Quamrul Hassan (কামরুল হাসান; 1921–1988) was a Bengali artist.

Hassan is referred to in Bangladesh as Potua, a word usually associated with folk artists, due to his down to earth style yet very modern in nature as he always added Cubism other than the folk style to his artworks.

In addition to his artistic legacy, two of Hassan's work have come to be part of Bangladesh's political history.

The first of this is a monstrous rendition of Yahya Khan, the Pakistani president who ordered genocide in Bangladesh.

The second was just before his death, mocking the then dictator of Bangladesh, Hossain Mohammad Ershad.

This sketch was titled Desh aaj bisshobeheyar khoppre (Our land is now in the hand of the champion of shamelessness).

Hassan was born in Kolkata on 2 December 1921.

His father, Muhammad Hashim, was superintendent of the a local Graveyard.

He belonged to a conservative family and his father always opposed to his involvement in paintings.

1938

But Quamrul's determination and love for painting made his father enroll Quamrul to Government Institute of Arts (now Government College of Art & Craft), in 1938, under the condition that Quamrul had to pay for his own tuition fee.

1939

After his enrollment to the school, Quamrul kept himself busy with not only arts but with other activities such as sports and the Bratachari movement in 1939 and he also joined ARP during the Second World War.

He developed connections with the Forward Block, Gononatya Andolon (People's Theatre) and even with several leaders of the Communist Party, got involved with the task of teaching of children and teenagers and contributed to illustrations in publications.

As a result of his involvement in social and cultural activities, he finished his six-year course in the Art School in nine years.

1945

He secured first position in the B Group of the Inter College Bodybuilding competition in 1945.

He had become a 'Nayak' of the Bratachari movement.

After the partition of India, Quamrul, who was still a student, along with his mother and siblings moved to Dhaka, the then capital of East Pakistan.

1947

He graduated in 1947.

1948

After the Partition of India, together with Zainul Abedin, he established the Government Institute of Fine Arts (at present, the Faculty of Fine Arts) in 1948.

During liberation war he served as the Director of the Art Division of the Information and Radio Department of the Bangladesh Government in exile.

Getting inspired from Zainul Abedin, Jamini Roy, Quamrul Hassan chose to give the folk art tradition a breath of life by incorporating modern ideas in it.

He always borrowed the two-dimensionality of pata paintings of folk art in his work, he also attempted to give the quality of three-dimensionality in it.

Instead of using mixed colours, in most of his paintings he used primary colors like pata painters.

Sometimes, like folk artists, he applied flat colors without creating tonal variations.

However, he has attempted to create color perspective by using various colors in one plane, so that a sense of height, distance can be created in the image.

This technique was inspired from Henri Matisse.

Patriotism was born in him due to his involvement in folk art.

Some of his notable works are: Goon Tana, The Happy Return, Biral, Nabanna, Gorur Snan etc.

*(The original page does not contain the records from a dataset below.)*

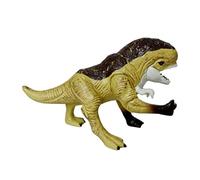 Tnfeeon Estatua de Resina de Dinosaurio Depredador Jurásico con Base Ponderada, Textura de Piel Detallada, Acabado Descolorido, 7,5 X 4,7 X 2,8 Pulgadas, 9,5 Oz para Escritorio de Oficina,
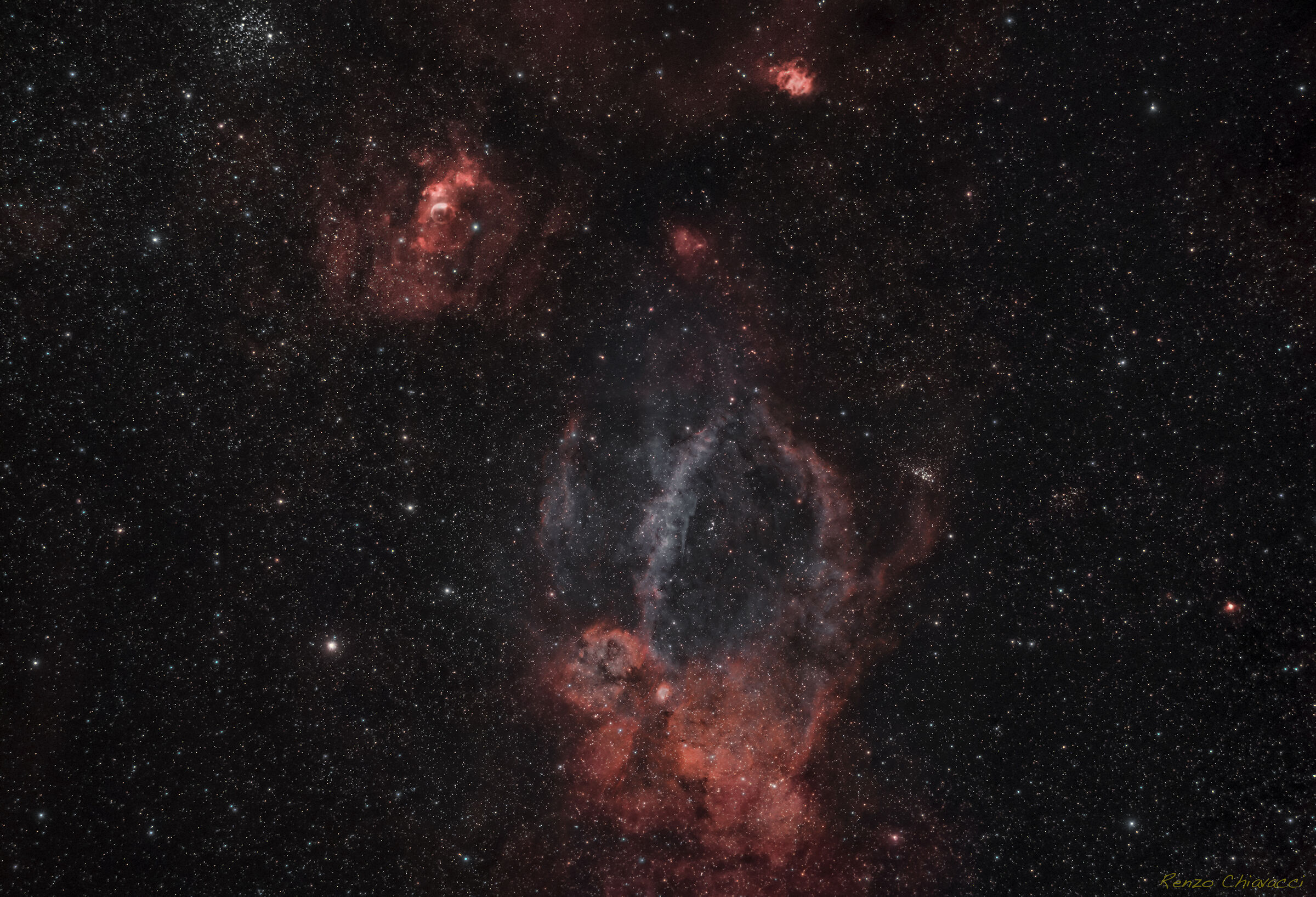 NGC7635 'Bubble' and Sh2-157 'Lobster claw' in Cepheus ...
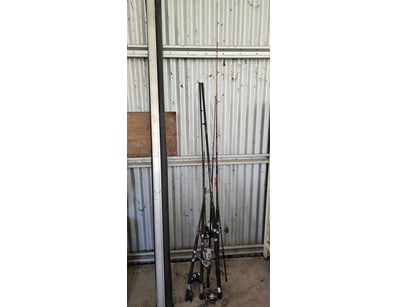 Assorted fishing rods

Sold as lot

Onsite

Locati...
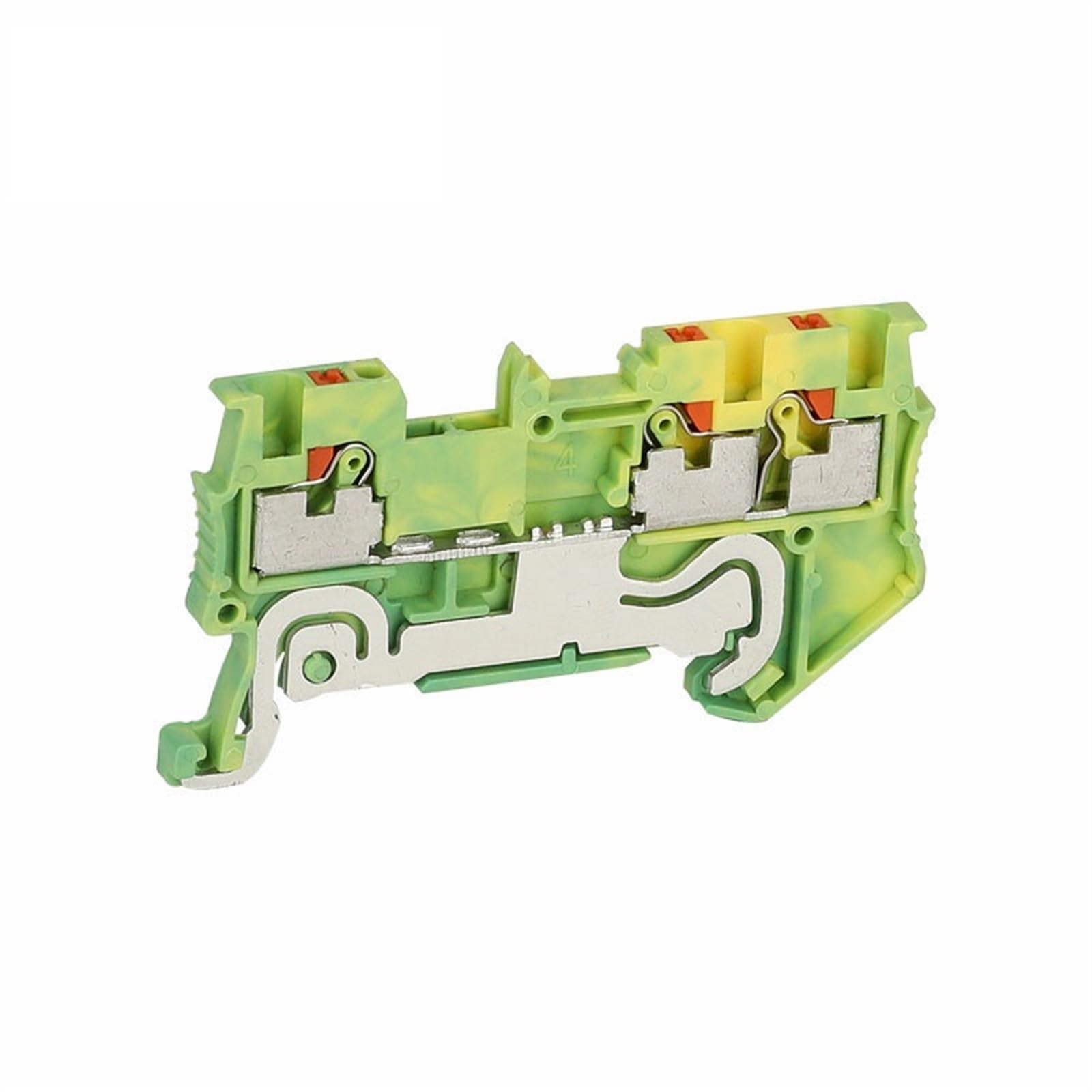 PT1.5-TW-PE Bloque de terminales de carril Din de alimentación a tierra a presión, conector eléctrico de cable con enchufe de 1,5 mm², 1 entrada y 2 salidas, PT 1.5-TW-PE (Color : PT 1.5-TW-PE, Size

All of these paintings highlight the lives of lower-class people which has been the topmost priority of his paintings.

Hassan was a versatile artist working in practically all media-oil, gouache, watercolors, pastel, etching, woodcut, linocut, pen and pencil.

1971

He was involved in the non-cooperation movement of March 1971 and was nominated the chairman of the Resistance Committee of the Hatirpul area.

On 23 March, he put up at least ten propaganda posters portraying a monstrous face of Yahya Khan which inspired the freedom Fighters.

On 25 March 1971, trenches were dug out late night at Hatirpul area under his leadership.

Then he left for Kolkata in the first week of April where he arranged an art exhibition in favor of the liberation war.

He came back to Dhaka during the last half of December to help develop the newly liberated Bangladesh.

He also designed state monogram of Bangladesh, Freedom Fighters Welfare Trust, Bangladesh Parjatan Corporation, Bangladesh Bank, and Biman Bangladesh Airlines.

1974

He also worked with woodcuts, specially after the famine of 1974, works that expressed his rage and anger.

Quamrul used snakes, jackals and owls to portray the evil in humans, both in his political work and his famine work.

Rural women and their plight is another theme Hassan has repeatedly worked on.

His treatment of women emphasize the bond between them, most of his paintings of women are of a group of women, only rarely a solo painting can be found.

However, he mixes romanticism with realism; the strong curved lines and the contrasted use of color contribute to a sensuous appeal that blunts the edges of harsh reality.

His paintings of women can be divided into three phases: the 50s Love and Premarital stage, the end of 50s and the beginning of 70s the happy conjugal life, and the 70s and the 80s the time of marital separation.